The New York Times - Dwight Garner
…a paranoid, sarcastic and clattering pop thriller…there are trace elements of DeLillo, of Pynchon, of Philip K. Dick, of the Hari Kunzru of Transmission, of the Neal Stephenson of Cryptonomicon, those usual suspects from whom all would-be techno-dystopianists borrow…What puts this novel across isn't its lucid, post-Patriot Act thematics, however, as righteous as they are. Instead, it's that the storyteller in Mr. Shafer isn't at war with the thinker and the word man in him; he's got a sick wit and a high style. Reading his prose is like popping a variant of the red pill in The Matrix: Everything gets a little crisper…Mr. Shafer has written a bright, brash entertainment, one that errs, when it errs at all, on the side of generosity, narrative and otherwise.
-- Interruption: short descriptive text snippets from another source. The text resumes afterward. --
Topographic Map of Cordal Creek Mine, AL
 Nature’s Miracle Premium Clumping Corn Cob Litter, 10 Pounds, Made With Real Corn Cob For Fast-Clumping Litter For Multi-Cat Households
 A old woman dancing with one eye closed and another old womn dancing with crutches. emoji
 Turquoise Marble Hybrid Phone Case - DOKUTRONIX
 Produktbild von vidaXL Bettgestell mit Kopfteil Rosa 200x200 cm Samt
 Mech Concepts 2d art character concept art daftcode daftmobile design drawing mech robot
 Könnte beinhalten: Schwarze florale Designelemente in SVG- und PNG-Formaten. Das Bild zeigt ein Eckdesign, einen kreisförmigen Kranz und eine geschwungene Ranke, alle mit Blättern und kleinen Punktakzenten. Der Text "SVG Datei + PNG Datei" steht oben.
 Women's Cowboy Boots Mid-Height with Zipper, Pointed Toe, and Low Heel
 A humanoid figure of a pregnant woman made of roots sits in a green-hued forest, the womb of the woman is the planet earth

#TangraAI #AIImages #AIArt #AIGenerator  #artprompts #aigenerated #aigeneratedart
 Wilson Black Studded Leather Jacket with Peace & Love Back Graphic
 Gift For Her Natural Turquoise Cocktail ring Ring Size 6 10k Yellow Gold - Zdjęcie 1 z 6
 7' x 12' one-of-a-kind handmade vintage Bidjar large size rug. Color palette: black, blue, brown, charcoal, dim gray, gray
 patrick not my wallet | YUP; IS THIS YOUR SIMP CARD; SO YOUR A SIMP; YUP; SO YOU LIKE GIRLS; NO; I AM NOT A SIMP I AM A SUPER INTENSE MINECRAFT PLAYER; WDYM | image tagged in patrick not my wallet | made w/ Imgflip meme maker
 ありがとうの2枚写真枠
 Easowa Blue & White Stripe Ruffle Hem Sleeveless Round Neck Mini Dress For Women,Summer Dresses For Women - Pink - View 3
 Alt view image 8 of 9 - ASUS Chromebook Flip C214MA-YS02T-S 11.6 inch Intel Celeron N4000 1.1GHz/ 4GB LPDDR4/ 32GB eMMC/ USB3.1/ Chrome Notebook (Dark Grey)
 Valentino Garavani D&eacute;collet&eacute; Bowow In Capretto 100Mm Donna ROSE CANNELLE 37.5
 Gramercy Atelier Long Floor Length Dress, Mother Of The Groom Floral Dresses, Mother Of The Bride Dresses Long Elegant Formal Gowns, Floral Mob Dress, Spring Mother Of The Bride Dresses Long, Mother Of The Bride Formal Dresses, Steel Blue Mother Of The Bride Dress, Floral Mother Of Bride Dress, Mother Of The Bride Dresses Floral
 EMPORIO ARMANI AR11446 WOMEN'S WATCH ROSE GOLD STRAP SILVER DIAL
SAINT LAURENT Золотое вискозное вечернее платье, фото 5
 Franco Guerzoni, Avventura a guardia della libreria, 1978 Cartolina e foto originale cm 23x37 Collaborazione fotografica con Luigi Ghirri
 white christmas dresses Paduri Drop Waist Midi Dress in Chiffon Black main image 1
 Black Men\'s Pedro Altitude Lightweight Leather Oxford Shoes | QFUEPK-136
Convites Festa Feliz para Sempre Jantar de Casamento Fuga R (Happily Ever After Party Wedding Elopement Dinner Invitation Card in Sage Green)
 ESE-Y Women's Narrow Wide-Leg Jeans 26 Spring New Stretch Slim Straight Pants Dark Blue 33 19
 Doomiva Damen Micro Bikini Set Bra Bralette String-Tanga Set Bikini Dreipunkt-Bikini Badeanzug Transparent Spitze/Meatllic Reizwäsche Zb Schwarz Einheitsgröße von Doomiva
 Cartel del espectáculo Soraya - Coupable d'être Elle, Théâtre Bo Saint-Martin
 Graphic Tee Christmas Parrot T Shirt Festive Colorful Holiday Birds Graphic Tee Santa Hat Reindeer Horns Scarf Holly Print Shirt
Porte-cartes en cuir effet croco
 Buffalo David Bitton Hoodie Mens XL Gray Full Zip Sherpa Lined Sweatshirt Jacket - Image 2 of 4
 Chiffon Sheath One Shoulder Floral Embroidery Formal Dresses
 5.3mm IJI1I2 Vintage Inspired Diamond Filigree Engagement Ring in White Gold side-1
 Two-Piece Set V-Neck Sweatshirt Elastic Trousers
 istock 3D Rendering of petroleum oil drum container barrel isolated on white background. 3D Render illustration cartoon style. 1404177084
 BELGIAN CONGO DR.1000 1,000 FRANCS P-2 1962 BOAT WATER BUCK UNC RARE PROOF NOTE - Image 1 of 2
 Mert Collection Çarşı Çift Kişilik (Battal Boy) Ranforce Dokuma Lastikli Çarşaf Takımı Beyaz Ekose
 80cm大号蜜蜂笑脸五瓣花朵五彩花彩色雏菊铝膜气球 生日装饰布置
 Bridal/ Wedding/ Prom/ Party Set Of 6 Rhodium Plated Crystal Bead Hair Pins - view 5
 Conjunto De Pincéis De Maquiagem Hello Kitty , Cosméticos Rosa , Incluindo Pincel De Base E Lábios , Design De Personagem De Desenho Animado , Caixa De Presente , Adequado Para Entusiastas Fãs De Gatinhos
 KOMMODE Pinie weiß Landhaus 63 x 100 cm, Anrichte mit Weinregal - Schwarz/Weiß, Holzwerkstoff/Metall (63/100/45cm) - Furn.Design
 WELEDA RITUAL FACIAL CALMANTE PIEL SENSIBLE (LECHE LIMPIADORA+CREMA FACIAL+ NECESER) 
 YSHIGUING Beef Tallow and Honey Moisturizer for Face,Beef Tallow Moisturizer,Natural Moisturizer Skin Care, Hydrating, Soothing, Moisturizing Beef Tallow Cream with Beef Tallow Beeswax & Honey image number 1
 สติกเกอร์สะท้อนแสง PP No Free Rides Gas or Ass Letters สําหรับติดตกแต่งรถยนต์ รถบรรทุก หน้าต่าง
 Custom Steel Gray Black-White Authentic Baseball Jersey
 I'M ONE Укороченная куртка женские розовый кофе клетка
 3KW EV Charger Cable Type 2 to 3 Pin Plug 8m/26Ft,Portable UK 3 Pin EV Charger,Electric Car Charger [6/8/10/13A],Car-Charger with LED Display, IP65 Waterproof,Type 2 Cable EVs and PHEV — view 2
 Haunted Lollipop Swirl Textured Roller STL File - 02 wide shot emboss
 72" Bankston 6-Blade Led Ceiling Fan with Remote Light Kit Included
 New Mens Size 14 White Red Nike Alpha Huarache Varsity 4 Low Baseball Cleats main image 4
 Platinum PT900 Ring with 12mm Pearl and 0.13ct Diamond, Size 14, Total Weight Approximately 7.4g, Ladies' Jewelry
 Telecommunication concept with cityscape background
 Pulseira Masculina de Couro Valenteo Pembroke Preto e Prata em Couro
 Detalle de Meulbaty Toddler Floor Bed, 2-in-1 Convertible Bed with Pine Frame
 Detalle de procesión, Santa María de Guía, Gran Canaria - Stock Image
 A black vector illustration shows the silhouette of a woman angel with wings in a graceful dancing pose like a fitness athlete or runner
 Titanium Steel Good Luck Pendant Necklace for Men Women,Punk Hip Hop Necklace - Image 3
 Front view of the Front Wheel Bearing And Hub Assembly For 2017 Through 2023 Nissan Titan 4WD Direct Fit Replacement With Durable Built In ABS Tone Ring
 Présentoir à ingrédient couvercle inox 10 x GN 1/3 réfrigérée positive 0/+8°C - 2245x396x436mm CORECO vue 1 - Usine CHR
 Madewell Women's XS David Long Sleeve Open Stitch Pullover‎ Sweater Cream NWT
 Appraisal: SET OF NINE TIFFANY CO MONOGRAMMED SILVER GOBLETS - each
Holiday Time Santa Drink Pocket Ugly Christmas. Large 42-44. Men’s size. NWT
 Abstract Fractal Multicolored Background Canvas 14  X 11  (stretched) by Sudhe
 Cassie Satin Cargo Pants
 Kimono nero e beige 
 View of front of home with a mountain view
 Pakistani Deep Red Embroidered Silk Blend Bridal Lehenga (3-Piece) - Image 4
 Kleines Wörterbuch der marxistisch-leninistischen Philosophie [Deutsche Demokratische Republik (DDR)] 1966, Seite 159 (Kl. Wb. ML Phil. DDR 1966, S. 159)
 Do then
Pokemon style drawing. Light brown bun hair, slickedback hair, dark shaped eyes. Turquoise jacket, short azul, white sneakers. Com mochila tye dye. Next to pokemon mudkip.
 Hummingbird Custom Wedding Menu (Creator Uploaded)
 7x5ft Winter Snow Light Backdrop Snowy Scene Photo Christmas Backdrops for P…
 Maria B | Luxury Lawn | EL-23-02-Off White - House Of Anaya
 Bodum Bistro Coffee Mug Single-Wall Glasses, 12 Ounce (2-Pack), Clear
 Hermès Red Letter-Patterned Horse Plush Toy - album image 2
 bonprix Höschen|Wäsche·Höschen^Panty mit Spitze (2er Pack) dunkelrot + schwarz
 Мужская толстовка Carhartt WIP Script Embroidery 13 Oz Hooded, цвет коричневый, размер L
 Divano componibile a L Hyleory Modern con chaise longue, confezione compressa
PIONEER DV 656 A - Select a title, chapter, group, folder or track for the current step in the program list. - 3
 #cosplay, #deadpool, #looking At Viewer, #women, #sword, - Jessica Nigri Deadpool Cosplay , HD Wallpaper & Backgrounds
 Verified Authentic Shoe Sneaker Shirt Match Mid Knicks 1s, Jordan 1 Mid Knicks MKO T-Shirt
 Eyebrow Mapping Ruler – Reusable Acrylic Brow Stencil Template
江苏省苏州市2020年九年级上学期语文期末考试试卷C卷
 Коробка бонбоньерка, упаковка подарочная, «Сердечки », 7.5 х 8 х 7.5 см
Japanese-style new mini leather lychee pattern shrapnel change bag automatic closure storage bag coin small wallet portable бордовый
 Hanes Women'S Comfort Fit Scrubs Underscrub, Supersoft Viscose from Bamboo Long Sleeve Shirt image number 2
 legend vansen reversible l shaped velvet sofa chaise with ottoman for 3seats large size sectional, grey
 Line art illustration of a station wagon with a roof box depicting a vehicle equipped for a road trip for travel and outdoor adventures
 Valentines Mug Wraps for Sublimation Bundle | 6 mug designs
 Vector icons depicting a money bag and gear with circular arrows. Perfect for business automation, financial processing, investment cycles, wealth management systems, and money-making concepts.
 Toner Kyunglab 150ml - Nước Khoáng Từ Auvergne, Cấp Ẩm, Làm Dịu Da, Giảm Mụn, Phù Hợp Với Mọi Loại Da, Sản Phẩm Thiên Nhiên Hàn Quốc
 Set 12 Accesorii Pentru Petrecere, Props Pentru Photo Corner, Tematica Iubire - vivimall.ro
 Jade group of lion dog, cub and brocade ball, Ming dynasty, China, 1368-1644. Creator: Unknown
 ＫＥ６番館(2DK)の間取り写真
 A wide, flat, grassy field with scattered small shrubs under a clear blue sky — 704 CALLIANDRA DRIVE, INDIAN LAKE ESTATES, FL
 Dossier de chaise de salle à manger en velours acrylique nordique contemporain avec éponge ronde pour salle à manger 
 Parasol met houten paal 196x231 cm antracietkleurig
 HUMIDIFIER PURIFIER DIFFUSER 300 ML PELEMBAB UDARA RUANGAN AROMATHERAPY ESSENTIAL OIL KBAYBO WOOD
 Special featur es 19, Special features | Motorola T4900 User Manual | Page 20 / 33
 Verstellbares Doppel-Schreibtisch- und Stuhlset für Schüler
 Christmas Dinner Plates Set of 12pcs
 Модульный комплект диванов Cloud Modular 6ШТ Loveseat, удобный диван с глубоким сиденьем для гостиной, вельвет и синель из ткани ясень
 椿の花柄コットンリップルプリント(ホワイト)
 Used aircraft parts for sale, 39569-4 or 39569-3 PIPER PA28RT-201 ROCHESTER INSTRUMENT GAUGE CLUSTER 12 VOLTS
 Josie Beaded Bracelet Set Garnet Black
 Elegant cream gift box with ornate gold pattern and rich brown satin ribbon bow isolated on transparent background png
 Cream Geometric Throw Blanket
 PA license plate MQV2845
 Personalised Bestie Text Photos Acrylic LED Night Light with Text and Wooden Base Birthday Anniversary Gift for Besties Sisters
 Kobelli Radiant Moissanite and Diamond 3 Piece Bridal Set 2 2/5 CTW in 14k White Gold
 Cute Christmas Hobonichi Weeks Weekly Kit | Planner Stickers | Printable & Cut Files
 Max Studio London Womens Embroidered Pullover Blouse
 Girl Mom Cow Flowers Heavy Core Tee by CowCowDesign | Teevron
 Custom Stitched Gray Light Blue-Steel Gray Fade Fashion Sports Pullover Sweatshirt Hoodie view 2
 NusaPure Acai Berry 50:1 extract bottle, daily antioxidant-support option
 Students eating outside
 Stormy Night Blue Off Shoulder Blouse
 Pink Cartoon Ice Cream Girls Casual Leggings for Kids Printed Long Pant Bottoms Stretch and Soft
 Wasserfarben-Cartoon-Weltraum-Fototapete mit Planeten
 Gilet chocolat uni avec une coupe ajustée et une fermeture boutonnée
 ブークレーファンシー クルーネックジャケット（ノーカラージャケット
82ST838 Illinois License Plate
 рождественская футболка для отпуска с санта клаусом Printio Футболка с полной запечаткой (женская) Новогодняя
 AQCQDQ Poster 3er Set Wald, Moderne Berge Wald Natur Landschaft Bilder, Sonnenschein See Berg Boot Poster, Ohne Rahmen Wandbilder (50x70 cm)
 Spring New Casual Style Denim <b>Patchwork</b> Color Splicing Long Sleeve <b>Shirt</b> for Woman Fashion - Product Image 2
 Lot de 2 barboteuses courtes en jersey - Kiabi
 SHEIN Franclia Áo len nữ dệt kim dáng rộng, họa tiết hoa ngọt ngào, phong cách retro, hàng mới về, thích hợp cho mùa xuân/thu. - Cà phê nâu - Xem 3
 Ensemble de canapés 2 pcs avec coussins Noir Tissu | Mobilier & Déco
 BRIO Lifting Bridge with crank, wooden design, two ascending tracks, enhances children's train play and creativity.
It tips you, geekily and humanely, through the looking glass.
From the Publisher
"Is it too late to nominate a candidate for novel of the summer? . . . A paranoid, sarcastic and clattering pop thriller . . . Mr. Shafer gets the playfulness-to-paranoia ratio about exactly right. . . . He's got a sick wit and a high style. Reading his prose is like popping a variant of the red pill in The Matrix: Everything gets a little crisper. . . . Whiskey Tango Foxtrot is a page-turner, yet many more "literary" writers will, I suspect, envy Mr. Shafer's tactile prose. His eye is hawklike. . . . Mr. Shafer has written a bright, brash entertainment, one that errs, when it errs at all, on the side of generosity, narrative and otherwise. It tips you, geekily and humanely, through the looking glass."—Dwight Garner, New York Times
"Shafer's savvy, sardonic take on our social media- and Big Data-worshiping society is as current as your Twitter feed..Just in time for your August beach trip, put Whiskey on your Amazon Wish List. As if they don't already know you want it."—Patty Rhule, USA Today
"Genius techno-thriller à la Neal Stephenson, powered by social-media info-conspiracy à la Dave Eggers."—Lev Grossman, Time
"No summary can do justice to the snap and smarts of this witty tale. . . . A clever book with an entertaining narrator just exploding with personalities."—Jenni Laidman, Chicago Tribune
"Zinging with wit and pop culture savvy . . . Shafer's writing is hip, wickedly hilarious, cutting edge, and ultimately concerned with old-fashioned notions of morality and redemption. . . His inventive, comic, dystopian semi-thriller restored my faith in fiction."—Mark Lindquist, Seattle Times
Kirkus Reviews
2014-06-17
A droll, all-too-plausible contemporary thriller pulls a mismatched trio of stressed-out 30-somethings into underground guerilla warfare against a sinister conspiracy to own the information superhighway.On one side of the world, you have Leila Majnoun, an increasingly jaded operative for a global nonprofit agency struggling to do good deeds despite the brutal, stonewalling autocrats who run Myanmar (Burma). On another side is Mark Deveraux, a self-loathing self-improvement guru living a glamorous and debt-ridden lifestyle in the promised land of Brooklyn. Somewhere in the middle (Portland, Oregon, to be precise) is Mark’s old school chum Leo Crane, a misanthropic poor-little-rich-kid grown into a trouble-prone, substance-abusing and seedily paranoid adult. The destinies of these three lost souls are somehow yoked together by an international cabal of one-percenters who want to create something called “New Alexandria,” where all the information available (or even unavailable) online will be in their money-grubbing control, thereby making the recent real-life National Security Agency abuses of power seem like benign neglect. Shafer’s arch prose, comedic timing and deft feel for shadowy motives in high places are reminiscent of the late Richard Condon (The Manchurian Candidate), only with sweeter, deeper characterizations. At times, you wish he’d move things along a wee bit faster and make his menace more tangibly scary than it is here. But it’s also possible that Shafer is remaking the international thriller into something more humane and thus more credible than what fans of the genre are accustomed to.An edgy, darkly comedic debut novel whose characters and premise are as up-to-the-minute as an online news feed but as classic as the counterculture rebellions once evoked by Edward Abbey and Ken Kesey.